Hier hakt die FP ein: Sie fordert in einer Unterschriftenaktion die Bevorzugung „gebürtiger Österreicher“ vor allen anderen und behaupten, „dass sozial bedürftige Österreicher die Zeche für die unkontrollierte Zuwanderung der letzten Monate und Jahre zahlen“ würden.
Das alles kommt einem bekannt vor; nicht erst seit Monaten, sondern seit vielen Jahrzehnten.
Elke Kahr: „Die Übernahme der als Beispiel genannte Regelung in der FP-regierten Stadt Wels würde bedeuten, dass auch Österreicher 5 Jahre lang auf Gemeindewohnungen warten müssten. Der FPÖ geht es in dieser Frage ja nicht um eine seriöse Lösung. Da geht es in Wirklichkeit nur um das Dauerthema Ausländer, was ja bei allem herangezogen wird.“
Mit Oktober 2016 gab es 1.900 vorgemerkte Ansuchen um eine Gemeindewohnung in Graz, die den Vergaberichtlinien entsprechen. Zwischen 9 und 24 Monaten dauert die Wartezeit für eine Gemeindewohnung, Notfälle können sogar innerhalb von vier Monaten wohnversorgt werden.

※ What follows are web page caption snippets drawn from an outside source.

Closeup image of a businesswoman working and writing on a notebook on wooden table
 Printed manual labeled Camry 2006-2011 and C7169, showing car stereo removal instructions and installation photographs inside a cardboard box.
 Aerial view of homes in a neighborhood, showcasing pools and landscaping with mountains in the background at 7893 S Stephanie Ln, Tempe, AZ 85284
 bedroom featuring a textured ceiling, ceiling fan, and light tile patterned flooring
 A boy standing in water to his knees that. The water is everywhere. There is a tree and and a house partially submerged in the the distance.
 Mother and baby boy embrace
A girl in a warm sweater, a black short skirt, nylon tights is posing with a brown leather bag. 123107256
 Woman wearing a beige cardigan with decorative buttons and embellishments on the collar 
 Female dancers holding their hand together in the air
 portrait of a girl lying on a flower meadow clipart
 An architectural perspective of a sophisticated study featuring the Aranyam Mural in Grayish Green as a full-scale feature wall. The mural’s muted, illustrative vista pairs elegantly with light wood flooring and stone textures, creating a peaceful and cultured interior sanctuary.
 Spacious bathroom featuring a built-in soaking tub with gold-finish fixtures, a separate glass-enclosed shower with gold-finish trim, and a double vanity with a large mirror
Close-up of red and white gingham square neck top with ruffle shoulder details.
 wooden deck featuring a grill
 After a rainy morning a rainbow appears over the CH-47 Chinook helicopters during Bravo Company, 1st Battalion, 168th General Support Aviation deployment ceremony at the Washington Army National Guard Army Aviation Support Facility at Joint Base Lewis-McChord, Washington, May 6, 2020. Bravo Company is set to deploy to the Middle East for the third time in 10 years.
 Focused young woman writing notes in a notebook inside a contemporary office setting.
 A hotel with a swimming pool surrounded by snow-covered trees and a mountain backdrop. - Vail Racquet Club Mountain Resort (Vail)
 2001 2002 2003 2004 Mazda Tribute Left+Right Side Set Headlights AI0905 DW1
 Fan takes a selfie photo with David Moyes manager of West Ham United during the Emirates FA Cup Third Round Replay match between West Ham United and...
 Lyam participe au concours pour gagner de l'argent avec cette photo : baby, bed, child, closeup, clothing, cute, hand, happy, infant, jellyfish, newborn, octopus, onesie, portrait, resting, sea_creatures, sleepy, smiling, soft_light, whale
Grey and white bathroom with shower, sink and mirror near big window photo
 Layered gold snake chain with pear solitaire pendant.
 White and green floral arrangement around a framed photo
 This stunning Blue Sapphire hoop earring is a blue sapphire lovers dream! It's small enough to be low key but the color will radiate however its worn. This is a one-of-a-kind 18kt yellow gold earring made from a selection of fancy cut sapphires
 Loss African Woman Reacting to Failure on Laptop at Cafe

Zwischen 1.600 und 2.200 positive Vormerkungen für eine Gemeindewohnung gibt es jährlich. Zwischen 550 und 750 Wohnungen werden pro Jahr zugewiesen. Auf der Warteliste stehen derzeit ca. 1.900 Personen. Durch die Neubauprojekte der letzten Jahre ist es gelungen, diese Zahl konstant zu halten.
Dass mehr Geld in den kommunalen Wohnbau investiert wird, ist für Kahr ein Gebot der Stunde. „Es braucht einfach viel mehr leistbaren Wohnraum. Und dafür kann nur die öffentliche Hand sorgen.“. Schon in den letzten Jahren ist es gelungen, leistbaren Wohnraum zu schaffen und die Wartezeiten für alle zu verkürzen.. Dieser Weg soll fortgesetzt werden. Die FP sieht darin Gemeindewohnungen „nur für Asylanten“.
Probleme nicht leugnen
Ohne Probleme geht das Zusammenleben so unterschiedlicher Personengruppen im Gemeindebau aber nicht ab. Deshalb hat die KPÖ in ihrer Verantwortung für die Stadtteilarbeit sehr viel investiert, um Konflikte schon im Ansatz zu entschärfen.Ein großer Teil der Arbeit von Elke Kahr besteht auch in der Konfliktlösung vor Ort. Das hat ihr bei Gemeindemieterinnen und Mietern großes Ansehen gebracht, die ursprünglich sehr skeptisch gegenüber den „Fremden“ waren.
Elke Kahr: „Wenn wir den Menschen die Existenzangst nehmen, dann gibt es für alle von uns mehr Sicherheit. Diese Kleinarbeit fordert viel Kraft. Ich habe in vielen Gesprächen gemerkt, dass diese Haltung letztlich verstanden wird. Deshalb habe ich Hoffnung darauf, dass Mitmenschlichkeit am Ende stärker sein wird als der Hass.“
Genau darum geht es in den kommenden Wochen.